Walmart announced July 21 that it would close all stores on Thanksgiving Day this year for the first time in 30 years, ending a tradition of kicking off in-store, door-buster Black Friday sales on the holiday. The world’s largest retailer also announced it would pay a third round of bonuses to U.S. employees in August.
James Otteson, the John T. Ryan Jr. Professor of Business Ethics at the University of Notre Dame’s Mendoza College of Business, believes Walmart’s decision will pay off and that other companies will follow its lead.
"The ultimate purpose of a company is to create value in the world, and successful companies know that means cultivating a culture of both gratitude and respect,” said Otteson, who specializes in the philosophy and morality of business. “Walmart's decision to close on Thanksgiving and give bonuses to its employees will ultimately pay great dividends in the form of appreciation from its employees.”

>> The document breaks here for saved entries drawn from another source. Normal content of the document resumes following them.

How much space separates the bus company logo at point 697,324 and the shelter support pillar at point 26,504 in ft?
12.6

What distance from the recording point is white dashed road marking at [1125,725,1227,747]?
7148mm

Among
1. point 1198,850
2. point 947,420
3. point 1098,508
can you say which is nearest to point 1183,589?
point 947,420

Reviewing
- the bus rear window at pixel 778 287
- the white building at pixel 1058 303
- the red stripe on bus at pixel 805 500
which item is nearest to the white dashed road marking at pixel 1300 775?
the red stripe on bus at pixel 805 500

Last year, Walmart launched its door-buster sales at 6 p.m. on Thanksgiving, attracting huge crowds to its stores. Sam's Club will also remain closed on Thanksgiving, as it has in the past.

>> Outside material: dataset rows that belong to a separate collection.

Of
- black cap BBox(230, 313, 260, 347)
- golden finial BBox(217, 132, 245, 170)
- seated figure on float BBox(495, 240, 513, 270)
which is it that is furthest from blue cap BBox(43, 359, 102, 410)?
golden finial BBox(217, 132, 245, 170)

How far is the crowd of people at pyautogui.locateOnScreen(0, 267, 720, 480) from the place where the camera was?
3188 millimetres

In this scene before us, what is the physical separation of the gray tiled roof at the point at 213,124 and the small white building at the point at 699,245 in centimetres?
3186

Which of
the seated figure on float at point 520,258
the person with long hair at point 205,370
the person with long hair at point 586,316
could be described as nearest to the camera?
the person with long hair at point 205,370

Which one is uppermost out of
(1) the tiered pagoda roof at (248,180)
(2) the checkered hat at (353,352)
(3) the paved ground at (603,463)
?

"We know this has been a trying year, and our associates have stepped up. We hope they will enjoy a special Thanksgiving Day at home with their loved ones," said John Furner, president and CEO of Walmart U.S. He also announced Walmart will spend some $428 million on special bonuses for its employees for working through the pandemic.
“Some may wonder whether this is a good use of Walmart’s resources, but I suspect it will also pay dividends for its shareholders,” Otteson predicted, “because customers, who care about how the companies they patronize treat their workers, will likely respond favorably. It's a great decision, and I applaud Walmart for leading by example."